With Goods and services tax (GST) coming into effect from July 01, Domestic rating agency, ICRA in its latest report has said that the impact of GST is likely to be neutral to positive for most of the segments in the textile industry as compared to current domestic indirect tax regime.
As per the report, the effective tax incidence on cotton and man-made fibre (MMF) or blended textiles under the existing tax regime is in the range of 5-7 percent and 11-14 percent, respectively. Besides excise duty, it noted that this captures the impact of other multiple levies such as Value Added Tax (VAT), Central Sales Tax (CST) and entry tax or octroi. Considering that the GST rates announced for these textile categories are more or less in line with the existing effective tax rates, ICRA does not envisage any impact on these product categories. However, it said that the rates announced are expected to be positive for wool or silk-based textiles, which will be taxed at a lower rate of 5 percent compared to the prevailing tax of 8-10 percent.

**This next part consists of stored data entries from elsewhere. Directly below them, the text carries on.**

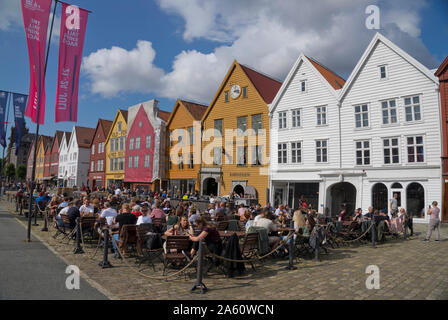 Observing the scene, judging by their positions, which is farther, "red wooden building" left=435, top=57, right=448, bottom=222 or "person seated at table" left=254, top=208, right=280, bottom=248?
"red wooden building" left=435, top=57, right=448, bottom=222

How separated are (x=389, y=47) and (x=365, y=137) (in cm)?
635

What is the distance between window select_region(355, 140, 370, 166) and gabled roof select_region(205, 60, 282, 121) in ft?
29.9

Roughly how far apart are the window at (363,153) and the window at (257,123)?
27.9 ft

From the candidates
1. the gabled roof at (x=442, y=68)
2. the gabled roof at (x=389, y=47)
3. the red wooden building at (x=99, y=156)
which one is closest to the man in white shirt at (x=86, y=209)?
the gabled roof at (x=389, y=47)

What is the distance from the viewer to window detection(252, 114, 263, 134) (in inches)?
1075

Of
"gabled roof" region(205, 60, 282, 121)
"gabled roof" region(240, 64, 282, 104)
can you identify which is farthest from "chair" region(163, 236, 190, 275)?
"gabled roof" region(240, 64, 282, 104)

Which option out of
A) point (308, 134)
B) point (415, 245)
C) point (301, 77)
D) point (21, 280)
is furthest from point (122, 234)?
point (301, 77)

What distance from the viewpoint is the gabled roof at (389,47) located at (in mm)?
19172

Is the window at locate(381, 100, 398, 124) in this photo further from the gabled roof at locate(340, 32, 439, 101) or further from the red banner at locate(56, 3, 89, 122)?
the red banner at locate(56, 3, 89, 122)

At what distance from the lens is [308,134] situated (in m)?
24.2

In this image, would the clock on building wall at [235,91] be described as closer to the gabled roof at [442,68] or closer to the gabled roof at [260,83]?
the gabled roof at [260,83]

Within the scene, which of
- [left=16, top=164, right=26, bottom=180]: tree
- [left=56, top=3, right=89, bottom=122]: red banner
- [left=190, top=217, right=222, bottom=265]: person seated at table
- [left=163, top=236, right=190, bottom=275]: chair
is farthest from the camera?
[left=16, top=164, right=26, bottom=180]: tree

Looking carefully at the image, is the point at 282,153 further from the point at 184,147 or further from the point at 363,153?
the point at 184,147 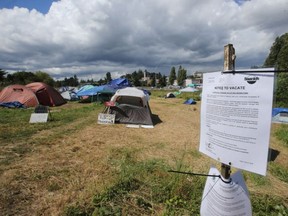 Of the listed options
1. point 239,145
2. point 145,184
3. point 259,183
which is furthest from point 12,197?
point 259,183

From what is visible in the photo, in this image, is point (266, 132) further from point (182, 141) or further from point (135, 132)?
point (135, 132)

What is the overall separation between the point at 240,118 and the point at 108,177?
2.87 meters

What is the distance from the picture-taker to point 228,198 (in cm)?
203

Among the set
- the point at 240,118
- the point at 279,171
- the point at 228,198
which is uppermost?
the point at 240,118

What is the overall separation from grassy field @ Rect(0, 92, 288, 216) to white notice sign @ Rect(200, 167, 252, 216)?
914mm

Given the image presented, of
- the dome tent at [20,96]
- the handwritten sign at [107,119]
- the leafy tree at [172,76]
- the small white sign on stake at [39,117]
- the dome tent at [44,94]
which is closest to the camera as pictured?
the small white sign on stake at [39,117]

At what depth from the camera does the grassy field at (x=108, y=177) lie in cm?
305

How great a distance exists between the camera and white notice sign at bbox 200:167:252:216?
2.01 m

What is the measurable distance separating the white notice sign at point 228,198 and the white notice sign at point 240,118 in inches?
11.3

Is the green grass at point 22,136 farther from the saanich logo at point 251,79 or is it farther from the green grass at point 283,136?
the green grass at point 283,136

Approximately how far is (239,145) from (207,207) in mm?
811

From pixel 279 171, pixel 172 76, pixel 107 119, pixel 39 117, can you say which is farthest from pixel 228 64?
pixel 172 76

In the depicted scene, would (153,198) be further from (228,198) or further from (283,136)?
(283,136)

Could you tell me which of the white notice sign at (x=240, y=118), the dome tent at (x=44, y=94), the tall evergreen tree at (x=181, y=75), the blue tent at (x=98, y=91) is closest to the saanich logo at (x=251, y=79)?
the white notice sign at (x=240, y=118) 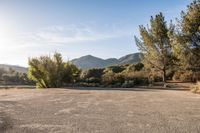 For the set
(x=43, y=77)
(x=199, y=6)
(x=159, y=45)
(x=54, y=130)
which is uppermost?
(x=199, y=6)

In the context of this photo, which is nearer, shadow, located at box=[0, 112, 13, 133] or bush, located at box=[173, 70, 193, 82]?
shadow, located at box=[0, 112, 13, 133]

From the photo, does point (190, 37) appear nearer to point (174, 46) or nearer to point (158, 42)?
point (174, 46)

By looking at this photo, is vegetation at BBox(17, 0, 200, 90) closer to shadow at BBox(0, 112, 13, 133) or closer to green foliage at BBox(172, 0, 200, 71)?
green foliage at BBox(172, 0, 200, 71)

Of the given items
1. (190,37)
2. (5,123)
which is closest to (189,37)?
(190,37)

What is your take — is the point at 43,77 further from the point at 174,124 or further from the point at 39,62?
the point at 174,124

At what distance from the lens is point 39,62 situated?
121 ft

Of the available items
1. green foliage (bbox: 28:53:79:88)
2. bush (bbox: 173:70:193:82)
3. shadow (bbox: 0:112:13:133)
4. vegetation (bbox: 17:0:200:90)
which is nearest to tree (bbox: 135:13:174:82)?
vegetation (bbox: 17:0:200:90)

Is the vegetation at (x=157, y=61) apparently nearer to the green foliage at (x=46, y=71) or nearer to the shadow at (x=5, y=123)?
the green foliage at (x=46, y=71)

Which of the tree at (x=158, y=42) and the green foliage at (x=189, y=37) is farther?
the tree at (x=158, y=42)

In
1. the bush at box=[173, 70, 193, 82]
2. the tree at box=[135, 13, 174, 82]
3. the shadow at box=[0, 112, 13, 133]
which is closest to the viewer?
the shadow at box=[0, 112, 13, 133]

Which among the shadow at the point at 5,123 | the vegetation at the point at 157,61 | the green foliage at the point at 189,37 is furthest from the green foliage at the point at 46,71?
the shadow at the point at 5,123

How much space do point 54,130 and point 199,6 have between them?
2307cm

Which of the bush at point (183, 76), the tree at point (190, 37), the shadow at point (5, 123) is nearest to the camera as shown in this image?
the shadow at point (5, 123)

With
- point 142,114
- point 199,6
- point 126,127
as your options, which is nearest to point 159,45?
point 199,6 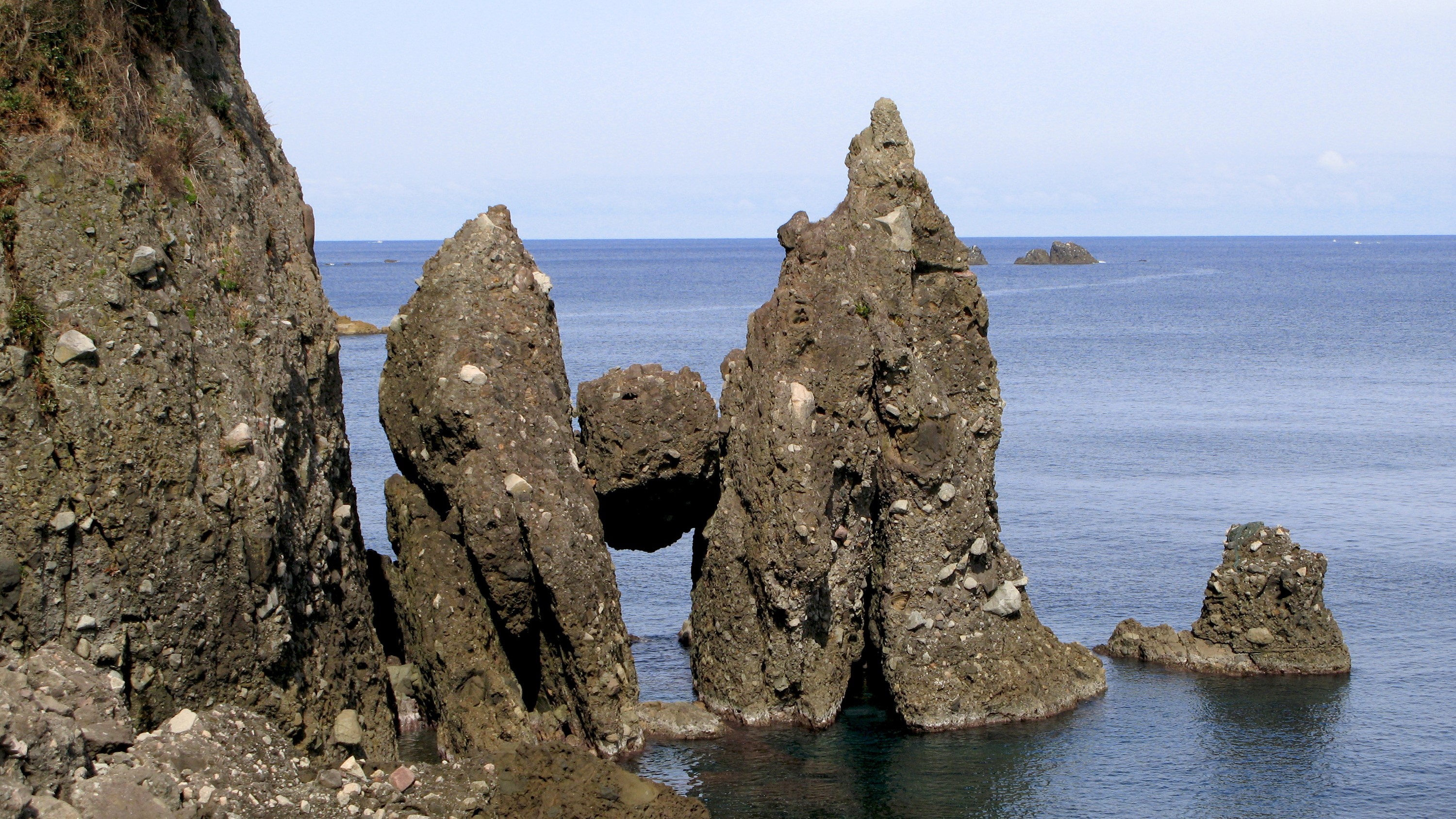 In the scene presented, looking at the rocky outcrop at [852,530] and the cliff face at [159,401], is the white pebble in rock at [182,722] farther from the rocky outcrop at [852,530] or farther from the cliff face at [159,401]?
the rocky outcrop at [852,530]

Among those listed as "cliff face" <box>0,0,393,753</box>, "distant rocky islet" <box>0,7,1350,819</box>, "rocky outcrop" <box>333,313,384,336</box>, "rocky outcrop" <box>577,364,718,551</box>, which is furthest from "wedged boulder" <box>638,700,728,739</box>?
"rocky outcrop" <box>333,313,384,336</box>

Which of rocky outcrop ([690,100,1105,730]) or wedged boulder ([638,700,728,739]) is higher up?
rocky outcrop ([690,100,1105,730])

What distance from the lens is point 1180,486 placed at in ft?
157

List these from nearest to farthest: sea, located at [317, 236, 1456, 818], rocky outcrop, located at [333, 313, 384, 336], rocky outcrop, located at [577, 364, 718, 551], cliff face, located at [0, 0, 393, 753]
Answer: cliff face, located at [0, 0, 393, 753], sea, located at [317, 236, 1456, 818], rocky outcrop, located at [577, 364, 718, 551], rocky outcrop, located at [333, 313, 384, 336]

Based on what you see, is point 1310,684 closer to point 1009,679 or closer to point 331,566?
point 1009,679

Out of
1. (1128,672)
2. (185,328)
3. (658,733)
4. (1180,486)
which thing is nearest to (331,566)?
(185,328)

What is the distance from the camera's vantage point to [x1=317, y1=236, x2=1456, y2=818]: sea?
2270 centimetres

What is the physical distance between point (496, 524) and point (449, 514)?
153 cm

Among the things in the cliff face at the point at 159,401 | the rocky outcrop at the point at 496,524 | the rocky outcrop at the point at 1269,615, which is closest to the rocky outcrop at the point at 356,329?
the rocky outcrop at the point at 496,524

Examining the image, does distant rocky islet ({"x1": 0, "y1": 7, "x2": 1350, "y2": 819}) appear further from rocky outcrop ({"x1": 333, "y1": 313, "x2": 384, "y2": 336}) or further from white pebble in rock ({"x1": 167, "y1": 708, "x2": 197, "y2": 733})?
rocky outcrop ({"x1": 333, "y1": 313, "x2": 384, "y2": 336})

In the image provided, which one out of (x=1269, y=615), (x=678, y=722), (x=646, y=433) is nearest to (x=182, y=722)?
(x=678, y=722)

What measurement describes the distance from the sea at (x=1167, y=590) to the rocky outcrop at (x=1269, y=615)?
0.54 meters

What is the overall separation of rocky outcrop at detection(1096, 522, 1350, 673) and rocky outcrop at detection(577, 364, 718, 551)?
11.7 meters

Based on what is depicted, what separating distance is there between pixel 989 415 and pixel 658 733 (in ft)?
31.4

The rating firm pointed out that fabric manufacturers, who operate under the composition scheme of taxation for which the Input Tax Credit (ITC) is not available will face challenges as the apparel manufactures will prefer to deal with GST-compliant fabric suppliers to avail ITC. Therefore, it noted that this will incentivise the fabric manufactures to operate under the purview of GST. It added that with the new tax regime applied on cotton yarn as well, the incentive for fabric manufacturers to not avail of the ITC will also fall, since doing so would reduce the fabric- manufacturer’s competitiveness.